By Robin Jacobson.
Two painted Japanese vases rest atop bookcases in my living room. According to family lore, my great-grandmother carried these vases with her when she fled Odessa with two small children around 1900. Why? The vases are large, fragile, and impractical. To take them, she must have left many other things behind. Why were the vases so important? Were they a gift? A legacy?
Like me, Edmund de Waal, author of The Hare with Amber Eyes, had questions about a family inheritance of Japanese objects. He inherited a collection of 264 netsuke – miniature sculptures carved from ivory and wood. Eager to understand the significance of this collection for generations of his family, de Waal embarked on a quest to trace its history, as lyrically described in The Hare:
I want to walk into each room where this [collection] has lived, to feel the volume of the space, to know what pictures were on the walls, how the light fell from the windows. And I want to know whose hands it has been in, and what they felt about it and thought about it… I want to know what it has witnessed.

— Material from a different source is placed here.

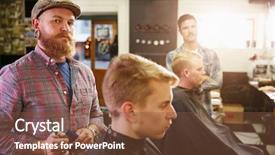  Presentation with barber shop - PPT theme having portrait of male barber giving background and a tawny brown colored foreground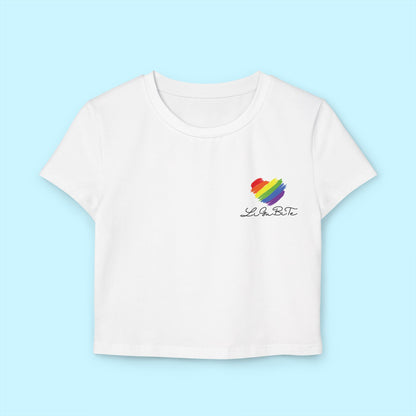 Pride Women's Baby Tee - Rainbow Heart Design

This lovely memoir interweaves family history with European Jewish history and art history. Above all, de Waal salutes the power of inanimate objects to convey family memories and stories.
Edmund de Waal is a world-famous British ceramicist whose work is displayed in museums. He is also a descendant of the Ephrussi family, an illustrious Jewish banking family like the Rothschilds.
As recounted in The Hare, the Ephrussi family first built its fortune in Odessa as grain exporters. Seeking expansion, the family patriarch sent one son to Paris and another son to Vienna to establish themselves as international financiers. The sons’ success made the family fabulously wealthy.
In the next generation, Charles Ephrussi was a prominent Parisian art patron and collector; he is even pictured in Renoir’s famous painting, Luncheon of the Boating Party. Caught up in the craze for Japanese art following the opening of Japanese seaports to the West, Charles purchased the netsuke collection in the 1870s. In 1899, he sent the collection, in an elegant glass-fronted vitrine, to Edmund de Waal’s great-grandparents in Vienna as a wedding gift.
Edmund’s great-grandmother Emmy kept the vitrine in her dressing room. To her children’s delight, she allowed them to play with the netsuke while she dressed for the opera or a society ball.
In 1938, the Nazis stormed the Ephrussi mansion in Vienna, confiscating the family’s precious art, silver, porcelain, and jewelry. They ordered Emmy’s devoted maid, Anna, to help pack these valuables for the Reich. At great risk, Anna surreptitiously removed the netsuke from the vitrine, a few figures at a time over a two-week period, hiding them initially in her apron pocket and then in her mattress for the duration of the war. In 1945, Anna returned the complete collection to Edmund’s grandmother, Elisabeth, saying she was glad to have saved something for the family.
When Elisabeth’s brother Iggie moved to Japan in 1947, he brought the Japanese netsuke collection back to its land of origin. Proudly displaying the collection in his Tokyo apartment, Iggie introduced each piece individually to his beloved great-nephew Edmund. Edmund’s favorite was a small hare with amber eyes.
Today, the netsuke collection is in Edmund’s home in London. Edmund keeps the vitrine that houses the collection unlocked, inviting his children to touch, hold, and imagine stories for each figurine. And so, what Edmund poetically calls “the sensuous, sinuous intertwining of things with memories” continues into another generation.